Неуступчивость эта, к сожалению, нашла потворство со стороны нашего посланника, покойного Н. Г. Гартвига. Всякий раз, как он получал из министерства предписания оказать умиротворяющее воздействие на сербов, он чисто формально выполнял поручение и отписывался в министерство. Убежденный сербофил, Гартвиг нередко с сербами критиковал свое министерство. На этом создалась крупная популярность его в Сербии. Человек увлекающийся, хотя и несомненно способный, Гартвиг исходил из верной идеи, которую, однако, преувеличивал и для успеха которой был не всегда разборчив на средства. Он с недоверием относился к болгарам, к их стремлению подчинить себе Балканы и, быть может, завладеть Константинополем. Считая увеличение Болгарии противоречащим интересам России, Гартвиг хотел создать ей противовес в лице Сербии. Постольку он отстаивал притязания сербов на македонские области и желание их получить границу, смежную с Грецией. Построение это, повторяю, было по существу верным, но Россия и сам Гартвиг потратили немало усилий на то, чтобы Сербия и Болгария заключили между собой договор.
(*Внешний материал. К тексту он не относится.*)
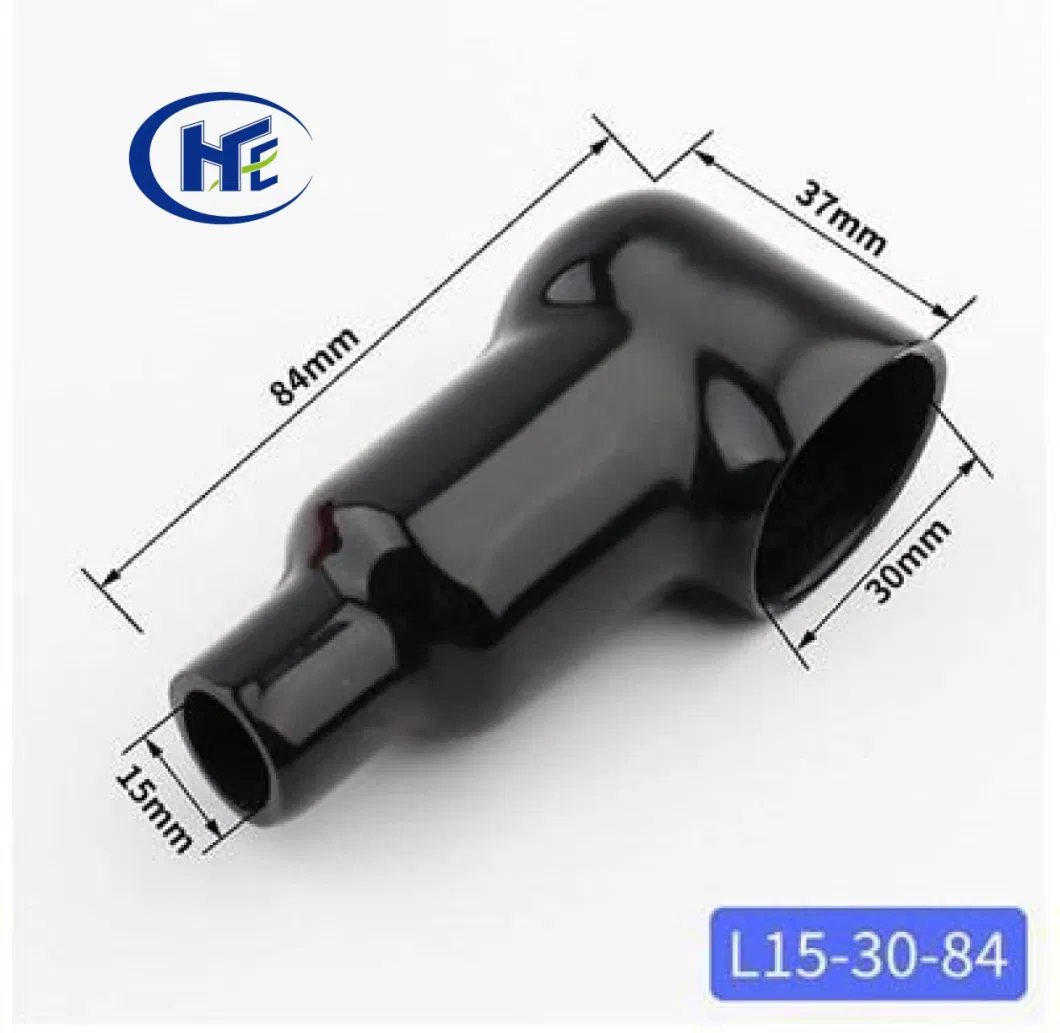 New Type RoHS UL94V-0 Car PVC Terminal Covers for Auto Vehicle Battery Lug and Cable Connection L15-30-84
Обе стороны в этом договоре обязались подчинить верховному решению России все споры между собой. Непригоже было нам поощрять одну из сторон к неуважению этого договора. Это не только противоречило нашему достоинству и историческим традициям на Балканах, но в то же время было и не мудро, ибо обостряло вражду между теми, кого вам нужно было соединить, и отталкивало от нас Болгарию в объятия Австрии, которая только этого и ждала.

В силу этих соображений, когда мы полагали, что нам придется осуществить обязанности третейского судьи, предусмотренные сербо-болгарским договором, у нас сложилось решение твердо стоять на почве этого договора и внести поправки к отдельным частностям разграничения, лишь поскольку этого дозволял нам общий смысл договора, признававший наши верховные права арбитра. Сообразно с этим, мы думали несколько спрямить северную границу договорной линии в пользу Сербии и осуществить соединение Сербии с Грецией между Пресбанским и Охридским озерами. Таким образом, Болгарии отходила вся так называемая бесспорная зона, с весьма незначительными поправками.
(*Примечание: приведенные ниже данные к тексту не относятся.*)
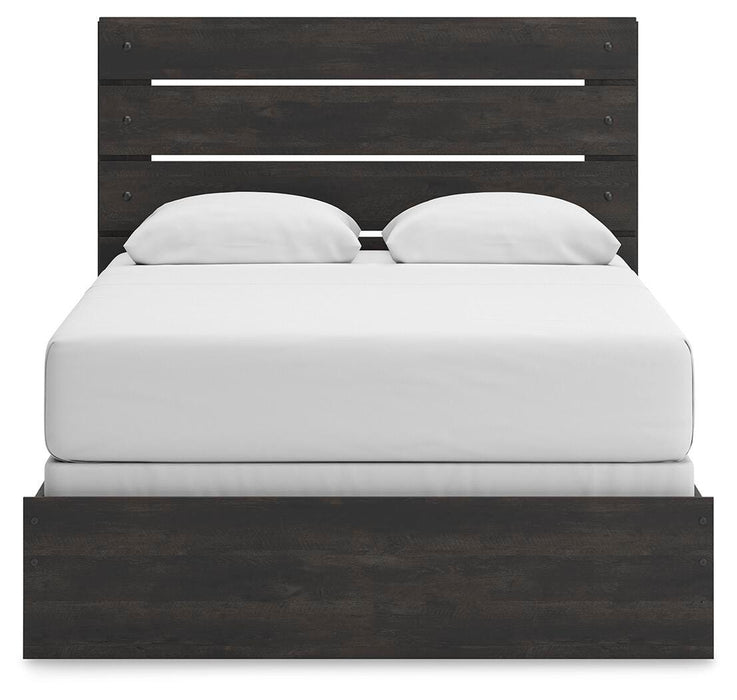 Hollivern Bed - Dimensional Outlet Furniture (Oakland, CA)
Сербо-болгарские разногласия обострялись еще конфликтом между Болгарией и Грецией. Между этими общими государствами существовал только военный союз, но ничего не было договорено заранее о взаимном размежевании. Все попытки Венизелоса во время войны прийти к какому-нибудь соглашению встречали в Софии отпор. Болгары наперегонки с греками старались первыми войти в Салоники. Это им не удалось, и все-таки болгарская часть была оставлена в этом городе. В смежных пунктах военного занятия, в южной Македонии, между болгарами и греками проходили постоянные перестрелки, иногда даже сражения.

Результатом таких отношений явилось сближение между Грецией и Сербией. Обе стороны разработали соглашение военно-оборонительного и политического характера. Оно по-видимому не было подписано, но эта формальность могла быть выполнена в последнюю минуту.

Когда надежда на полюбовное соглашение между союзниками исчезла, мы заявили Сербии и Болгарии, что вступаем в права арбитра, но для выполнения их поставили предварительно следующие условия: 1) равномерная демобилизация, с доведением боевых частей до 1/3 или 1/4 их состава. Это требовалось нами как обеспечение того, что ни одна из сторон с оружием в руках не воспротивится осуществлению нашего радения и 2) одновременно с нашим арбитражем Болгария и Греция согласятся подвергнуть свои разногласия также решению третейского разбирательства, выбрав, кого хотят, судьями.